Certes, il est important de préserver et de cultiver tout ce qui est pur et saint dans l’âme juive, de créer un sanctuaire inviolable pour D.ieu dans son cœur et dans sa communauté. Certes, il est des situations où il faut affronter le monde dans ses propres termes. Certes, nous devons combattre le mal. Et nous devons bien sûr reconnaître que nous ne pouvons pas y parvenir à nous seuls.
De fait, chacune des quatre approches a son temps et son lieu. Mais aucune d’entre elles ne constitue une vision globale qui puisse guider notre vie et définir notre relation avec le monde que nous habitons. Quand le Juif se dirige vers le Sinaï et rencontre un monde hostile ou indifférent, sa réponse essentielle doit être d’avancer.

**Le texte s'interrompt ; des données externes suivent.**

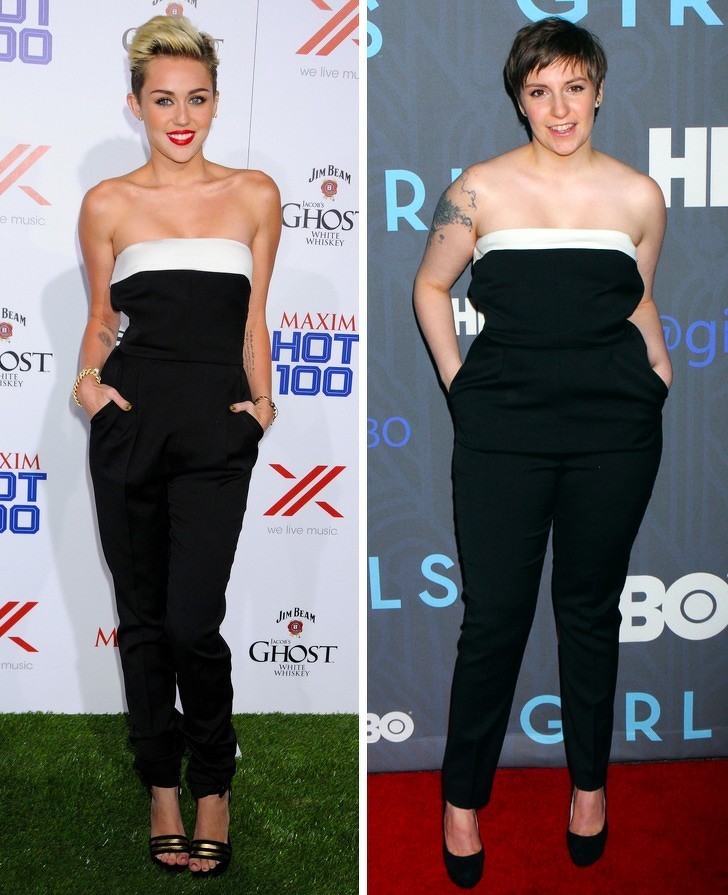 5. Miley Cyrus i Lena Dunham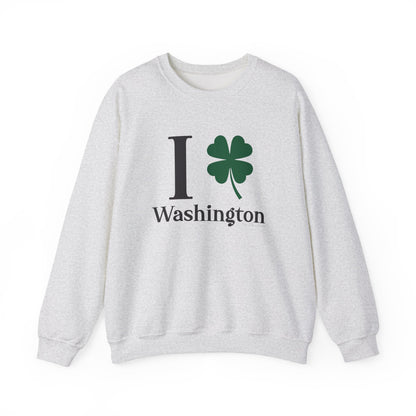 I Clover Washington Unisex Heavy Blend™ Crewneck Sweatshirt
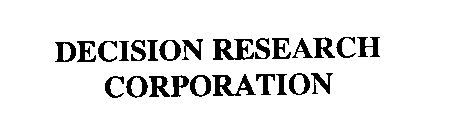 DECISION RESEARCH CORPORATION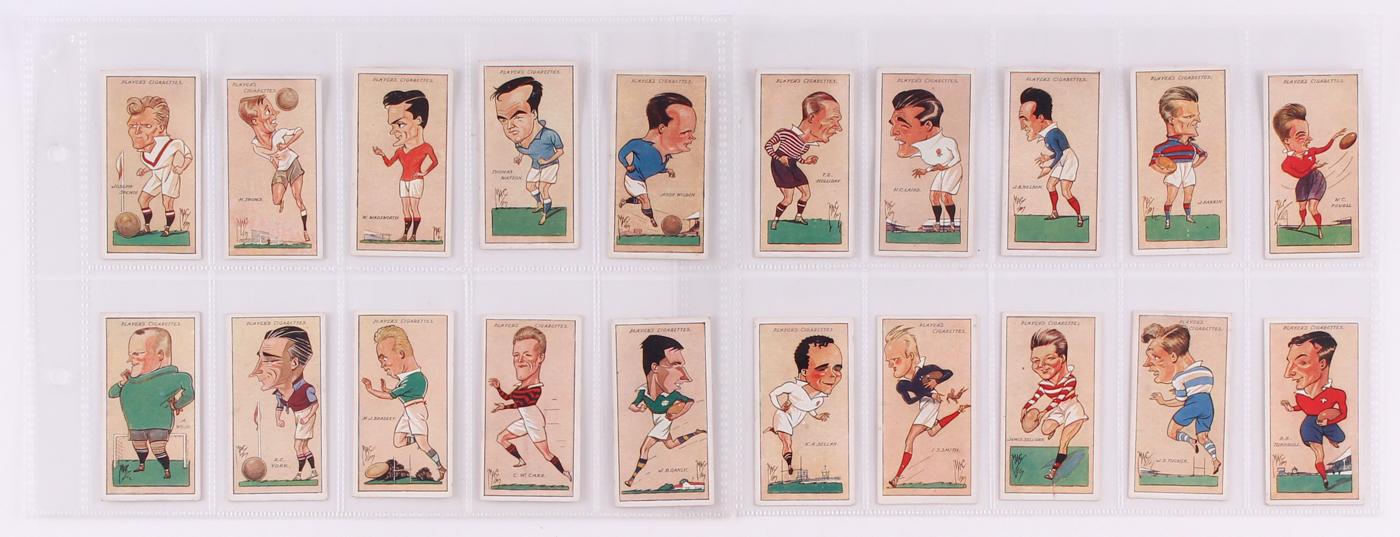 1927 Player's "Football Caricatures by Mac" Complete Set of (50) Cigarette Cards at PristineAuction.com 1927 Player's "Football Caricatures by Mac" Complete Set of (50) Cigarette Cards at PristineAuction.com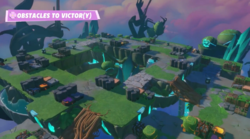 An example of the Obstacles to Victor(y) battle in Mario + Rabbids Sparks of Hope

Il ne s’agit pas d’échapper à la réalité, ni de s’y soumettre, ni de la combattre ou encore de la considérer seulement sur un plan spirituel, mais d’aller de l’avant. Faire encore une mitsva, allumer encore une âme, faire encore un pas vers notre but. Les chars de Pharaon se rapprochent ? Une mer froide et infranchissable barre votre chemin ? Ne regardez pas en haut ; regardez devant vous. Vous voyez cette montagne ? Avancez vers elle.
Et lorsque vous avancerez, vous verrez cette barrière infranchissable céder devant vous, et cette terrible menace s’évanouir. Vous verrez qu’en dépit de toutes les preuves du contraire, vous avez le pouvoir d’atteindre votre but. Même s’il vous faut ouvrir quelques mers au passage.